::: SUPPLIED RECORDS :::
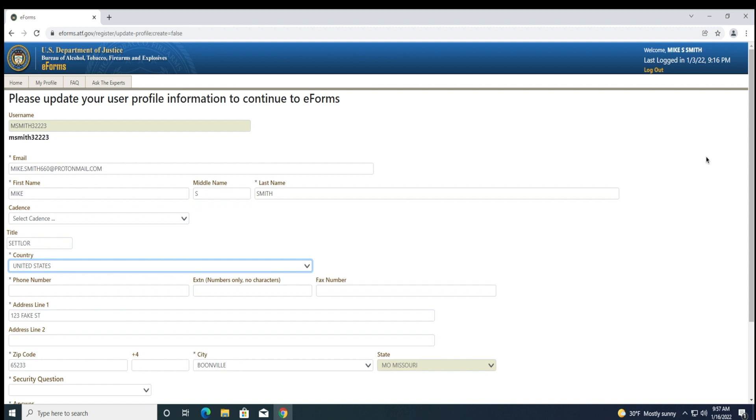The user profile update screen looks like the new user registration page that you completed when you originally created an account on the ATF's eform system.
:::
::: SUPPLIED RECORDS :::
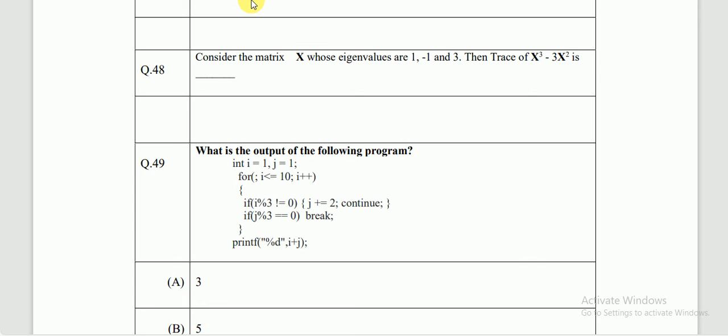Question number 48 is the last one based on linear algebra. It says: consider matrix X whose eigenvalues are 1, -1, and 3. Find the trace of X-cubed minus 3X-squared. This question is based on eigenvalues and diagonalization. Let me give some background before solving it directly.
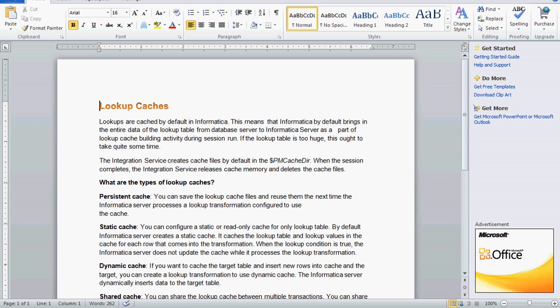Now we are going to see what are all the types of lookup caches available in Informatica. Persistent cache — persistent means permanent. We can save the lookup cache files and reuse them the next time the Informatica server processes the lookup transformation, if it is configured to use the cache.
:::
::: SUPPLIED RECORDS :::
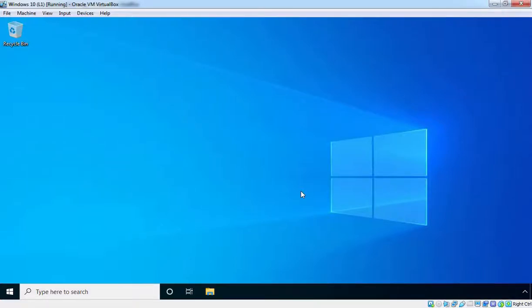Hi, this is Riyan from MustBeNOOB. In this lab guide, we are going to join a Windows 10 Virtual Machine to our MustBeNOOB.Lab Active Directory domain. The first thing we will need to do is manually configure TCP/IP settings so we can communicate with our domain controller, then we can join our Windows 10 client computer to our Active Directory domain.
:::
In the data above, find the line containing "Question number 48" and the line containing "Now we are going". Copy exactly the stretch from the first through the second, both included, leaving out any picture.

• **EXERCISE RESULT**:
Question number 48 is the last one based on linear algebra. It says: consider matrix X whose eigenvalues are 1, -1, and 3. Find the trace of X-cubed minus 3X-squared. This question is based on eigenvalues and diagonalization. Let me give some background before solving it directly.
Now we are going to see what are all the types of lookup caches available in Informatica. Persistent cache — persistent means permanent. We can save the lookup cache files and reuse them the next time the Informatica server processes the lookup transformation, if it is configured to use the cache.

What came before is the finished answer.